All the game modes and teams return – as should be no surprise as it’s all the games we’ve seen before – and you can tackle them in whatever order you want, as long as it’s in the tournament structure of the respective title. 2048 opens up team use as you progress, and HD/Fury do to some degree as well even though they have a wider starting range; however, it doesn’t take long to find your favourites or get experimenting with the noticeable strengths and weaknesses of each. Jumping between the three games available is less jarring than you’d expect, and oddly seems to set in context that despite 2048’s later release, it feels at home as an earlier racing league incarnation. The tracks all run through cities, between skyscrapers and around parks and feel exactly like the birth of a new and exciting sport that’s finding its feet. Races are also longer and more frantic with luck being a strong part of it. Flicking over to HD, it’s got the feel of a sport that’s matured and spread its wings, as well as getting faster and in a more futuristic setting. It’s more about precision and race craft than blasting your opponents off the road. Fury is in the same vein as HD, but it’s basically anti-grav combat so does exactly what you want, blows things up loudly and often; and is a great counterpart to the other two games. Let’s not forget that there’s comprehensive multiplayer and “one more go” encouraging leaderboards thrown at you to spice up the competition. You’re never at a loss for something to do, and the pace at which events fly past means you can fit a lot in during a short game session.

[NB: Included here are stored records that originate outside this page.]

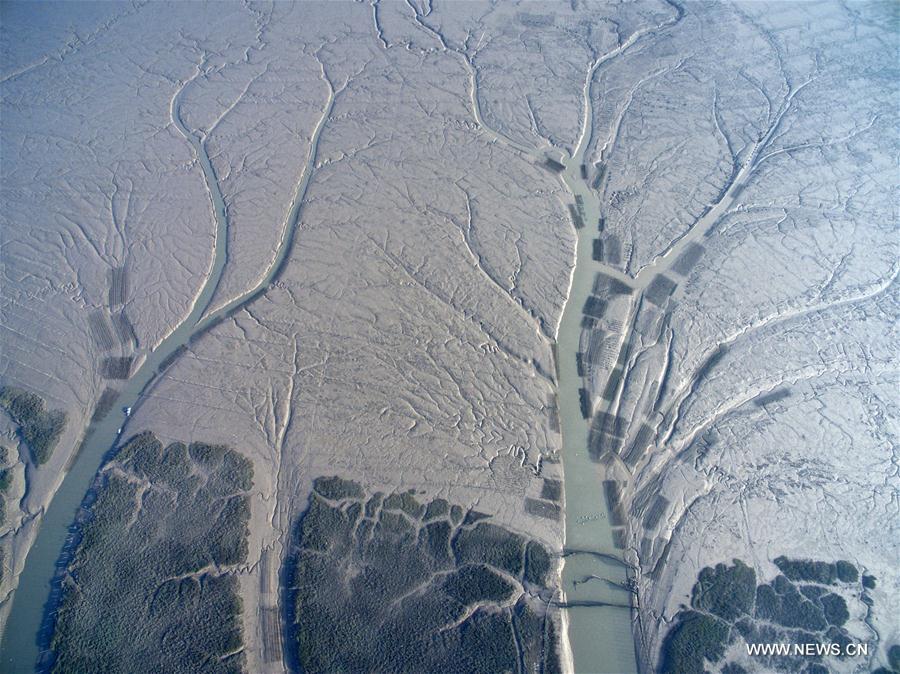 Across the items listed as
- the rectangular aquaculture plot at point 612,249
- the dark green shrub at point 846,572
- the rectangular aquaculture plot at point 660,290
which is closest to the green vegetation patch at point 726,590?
the dark green shrub at point 846,572

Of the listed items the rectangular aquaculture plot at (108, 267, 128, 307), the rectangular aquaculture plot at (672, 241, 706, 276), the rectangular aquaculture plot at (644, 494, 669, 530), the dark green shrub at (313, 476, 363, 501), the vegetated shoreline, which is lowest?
the vegetated shoreline

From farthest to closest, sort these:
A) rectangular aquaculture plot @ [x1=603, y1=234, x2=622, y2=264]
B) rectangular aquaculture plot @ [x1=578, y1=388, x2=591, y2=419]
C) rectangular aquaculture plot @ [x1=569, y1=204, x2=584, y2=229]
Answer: rectangular aquaculture plot @ [x1=569, y1=204, x2=584, y2=229]
rectangular aquaculture plot @ [x1=603, y1=234, x2=622, y2=264]
rectangular aquaculture plot @ [x1=578, y1=388, x2=591, y2=419]

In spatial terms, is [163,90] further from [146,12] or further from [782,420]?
[782,420]

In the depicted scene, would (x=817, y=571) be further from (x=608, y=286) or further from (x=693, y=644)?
(x=608, y=286)

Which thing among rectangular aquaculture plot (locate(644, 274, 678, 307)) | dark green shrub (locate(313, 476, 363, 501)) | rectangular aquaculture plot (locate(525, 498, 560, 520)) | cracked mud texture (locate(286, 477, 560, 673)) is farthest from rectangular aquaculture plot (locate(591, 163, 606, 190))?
dark green shrub (locate(313, 476, 363, 501))

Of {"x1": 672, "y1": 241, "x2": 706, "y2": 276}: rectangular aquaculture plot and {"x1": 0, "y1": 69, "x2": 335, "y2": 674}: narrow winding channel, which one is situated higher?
{"x1": 672, "y1": 241, "x2": 706, "y2": 276}: rectangular aquaculture plot

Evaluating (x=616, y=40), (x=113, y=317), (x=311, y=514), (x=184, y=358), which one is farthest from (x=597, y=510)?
(x=616, y=40)

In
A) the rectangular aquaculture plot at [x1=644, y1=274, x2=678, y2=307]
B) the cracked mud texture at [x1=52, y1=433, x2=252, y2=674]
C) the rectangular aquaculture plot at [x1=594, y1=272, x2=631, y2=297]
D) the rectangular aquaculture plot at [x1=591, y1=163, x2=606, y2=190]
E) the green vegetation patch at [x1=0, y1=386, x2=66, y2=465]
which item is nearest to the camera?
the cracked mud texture at [x1=52, y1=433, x2=252, y2=674]

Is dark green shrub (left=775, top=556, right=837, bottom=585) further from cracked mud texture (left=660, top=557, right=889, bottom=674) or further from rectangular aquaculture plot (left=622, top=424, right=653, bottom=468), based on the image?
rectangular aquaculture plot (left=622, top=424, right=653, bottom=468) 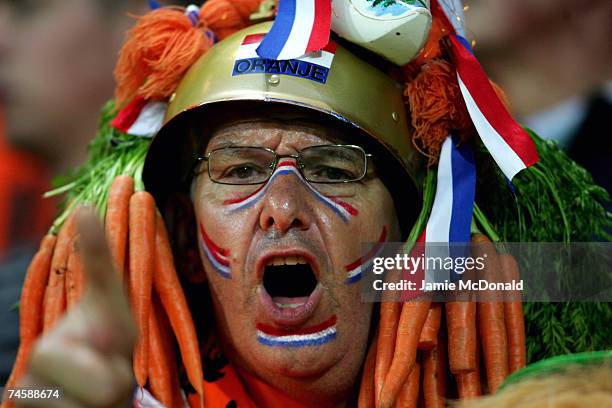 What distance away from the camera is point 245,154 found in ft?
9.16

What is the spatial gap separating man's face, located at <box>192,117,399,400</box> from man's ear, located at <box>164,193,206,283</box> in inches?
7.4

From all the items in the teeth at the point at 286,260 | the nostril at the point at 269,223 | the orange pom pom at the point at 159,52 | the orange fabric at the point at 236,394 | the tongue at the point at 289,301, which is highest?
the orange pom pom at the point at 159,52

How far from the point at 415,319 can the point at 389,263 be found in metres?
A: 0.20

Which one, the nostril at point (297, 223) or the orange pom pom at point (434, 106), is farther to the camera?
the orange pom pom at point (434, 106)

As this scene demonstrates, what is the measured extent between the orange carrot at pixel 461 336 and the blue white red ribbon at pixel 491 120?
40 cm

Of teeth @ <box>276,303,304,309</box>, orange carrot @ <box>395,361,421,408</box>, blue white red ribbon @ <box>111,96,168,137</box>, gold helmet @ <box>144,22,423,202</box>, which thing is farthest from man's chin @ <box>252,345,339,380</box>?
blue white red ribbon @ <box>111,96,168,137</box>

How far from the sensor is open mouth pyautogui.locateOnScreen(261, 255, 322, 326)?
2.65 m

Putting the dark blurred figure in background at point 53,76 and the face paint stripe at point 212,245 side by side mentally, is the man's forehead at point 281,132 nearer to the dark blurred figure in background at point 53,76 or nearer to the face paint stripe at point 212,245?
the face paint stripe at point 212,245

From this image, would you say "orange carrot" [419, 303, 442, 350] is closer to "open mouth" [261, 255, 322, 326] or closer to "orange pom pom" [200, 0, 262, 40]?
"open mouth" [261, 255, 322, 326]

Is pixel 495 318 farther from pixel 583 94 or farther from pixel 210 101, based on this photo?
pixel 583 94

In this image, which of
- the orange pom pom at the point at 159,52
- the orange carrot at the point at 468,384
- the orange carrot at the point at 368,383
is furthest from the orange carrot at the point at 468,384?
the orange pom pom at the point at 159,52

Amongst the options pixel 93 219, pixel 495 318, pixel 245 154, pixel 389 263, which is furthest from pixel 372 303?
pixel 93 219

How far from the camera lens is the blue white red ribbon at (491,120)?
9.02ft

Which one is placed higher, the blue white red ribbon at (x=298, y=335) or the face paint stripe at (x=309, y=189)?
the face paint stripe at (x=309, y=189) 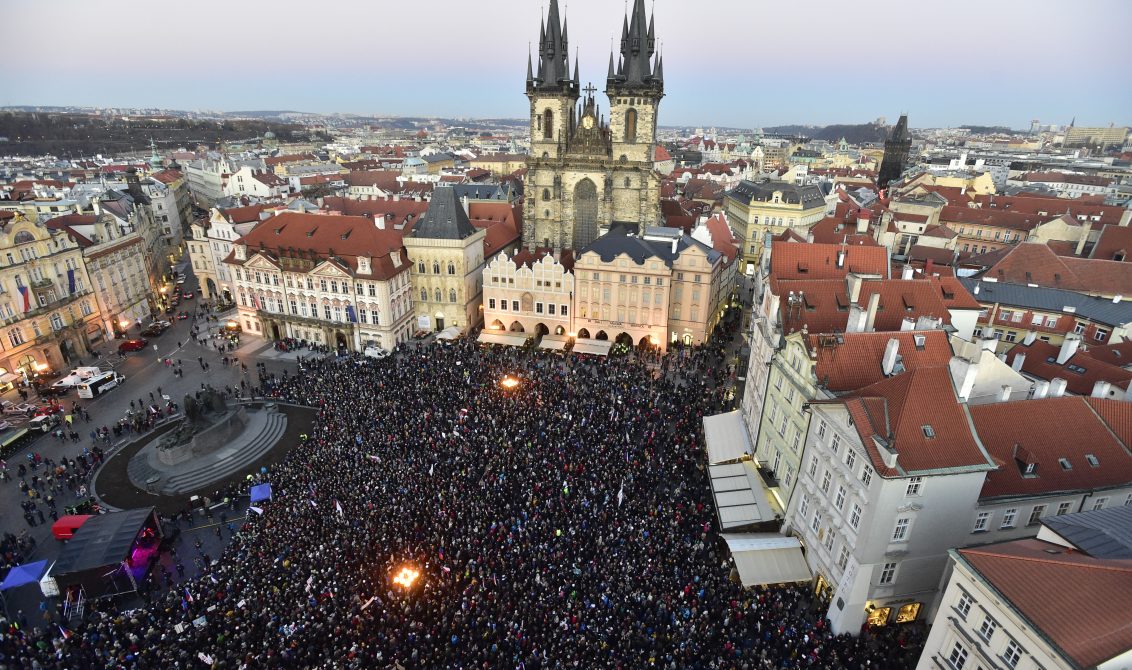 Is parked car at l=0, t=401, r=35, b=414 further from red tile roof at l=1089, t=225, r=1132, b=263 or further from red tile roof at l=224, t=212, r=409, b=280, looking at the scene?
red tile roof at l=1089, t=225, r=1132, b=263

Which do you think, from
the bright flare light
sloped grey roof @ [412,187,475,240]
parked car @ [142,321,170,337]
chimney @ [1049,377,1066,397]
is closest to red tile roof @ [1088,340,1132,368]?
chimney @ [1049,377,1066,397]

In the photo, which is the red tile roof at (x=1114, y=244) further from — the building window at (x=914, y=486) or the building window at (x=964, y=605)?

WipEout Omega Collection is pretty much perfect, there’s not really any other way to describe it. Giving us three amazing games at roughly £10 each, it’s a showcase for the PS4 Pro as well as managing to be a nostalgia trip for PlayStation in general. Overlook anyone who just bemoans it as another remaster cash grab, Sony could have simply upscaled the images and pushed this out to the masses. They haven’t. It comes across as a labour of love from the developers, a passion project from the holder of the purse strings, and a must buy for the faithful and non-believers alike. There’s no downside here, except maybe when your eyes dry out because you’ve trained yourself not to blink whilst navigating at mach 1.
WipEout The Omega Collection is out now exclusively on PS4.